Pacific and Portland only played 26 conference matches as their final scheduled match was rained out. It wasn't rescheduled because it didn't affect the conference tournament.

==Schedule==

Game: Time*; Matchup^{#}; Television; TV Announcers; Attendance
Thursday, May 23
1: 3:00 p.m.; #1 BYU Cougars vs. #4 Loyola Marymount Lions; TheW.tv; Steve Quis, Alex Jensen, & Sammy O'Brien; 1,606
2: 7:00 p.m.; #2 Gonzaga Bulldogs vs. #3 Saint Mary's Gaels
Friday, May 24
3: 12:00 p.m.; #1 BYU Cougars vs. #2 Gonzaga Bulldogs; TheW.tv; Steve Quis, Alex Jensen, & Sammy O'Brien; 1,589
4: 3:30 p.m.; #3 Saint Mary's Gaels vs. #4 Loyola Marymount Lions
5: 7:30 p.m.; #2 Gonzaga Bulldogs vs. #3 Saint Mary's Gaels
Championship – Saturday, May 25
6: 3:00 p.m.; #4 Loyola Marymount Lions vs. #3 Saint Mary's Gaels; TheW.tv; Steve Quis, Alex Jensen, & Sammy O'Brien; 1,722
7 (If Necessary): 7:00 p.m.; N/A
*Game times in Pacific Time. # – Rankings denote tournament seed.

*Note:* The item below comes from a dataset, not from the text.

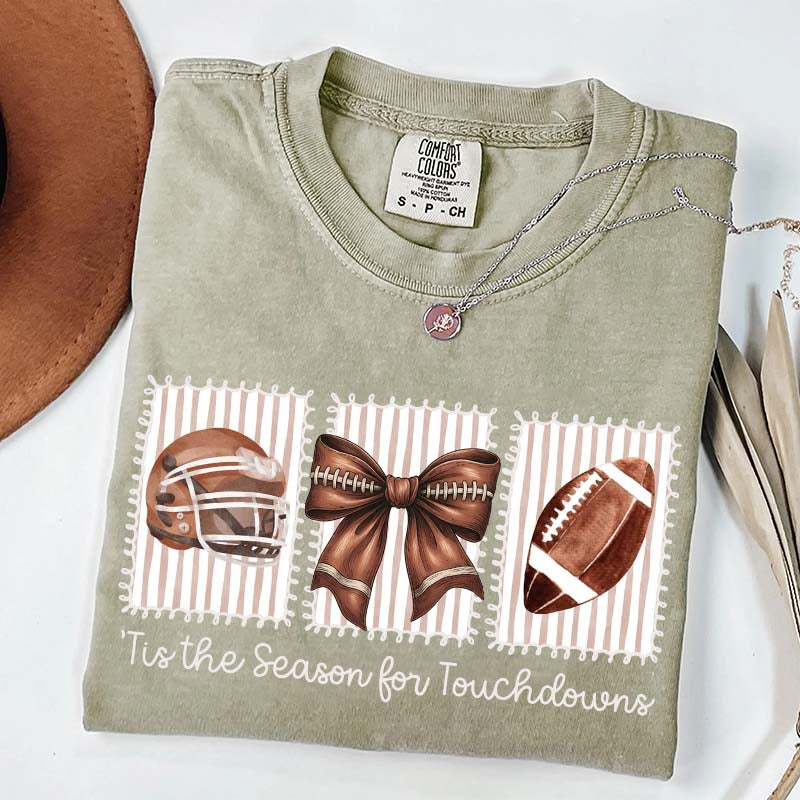 Tis the Season for Touchdowns Football T-Shirt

==Conference championship==

West Coast Conference Championship
| (4) Loyola Marymount Lions | vs. | (3) Saint Mary's Gaels |

May 25, 2019, 3:00 p.m. (PDT) at Banner Island Ballpark in Stockton, California
| Team | 1 | 2 | 3 | 4 | 5 | 6 | 7 | 8 | 9 | 10 | R | H | E |
| (4) Loyola Marymount | 0 | 1 | 0 | 0 | 0 | 1 | 0 | 0 | 0 | 2 | 4 | 11 | 1 |
| (3) Saint Mary's | 0 | 0 | 0 | 0 | 2 | 0 | 0 | 0 | 0 | 0 | 2 | 5 | 1 |
WP: Matt Voelker (2–4) LP: Nathan Schneider (2–1) Sv: Nick Frasso (8) Attendance: 1,722

==All-Tournament Team==
The following players were named to the All-Tournament Team.

| Pos | Name | Class | School |
| P | Codie Paiva | Senior | Loyola Marymount |
| Nick Frasso | Sophomore | Loyola Marymount |
| Tyler Thornton | Freshman | Saint Mary's |
| Carlos Lomeli | Freshman | Saint Mary's |
| Dalton Ponce | Freshman | Saint Mary's |
| C |  |  |  |
| IF | Trevin Esquerra | Junior | Loyola Marymount |
| Nick Sogard | Junior | Loyola Marymount |
| OF |  |  |  |

===Most Outstanding Player===
Codie Paiva (LMU) was named the Most Outstanding Player of the WCC Baseball Tournament.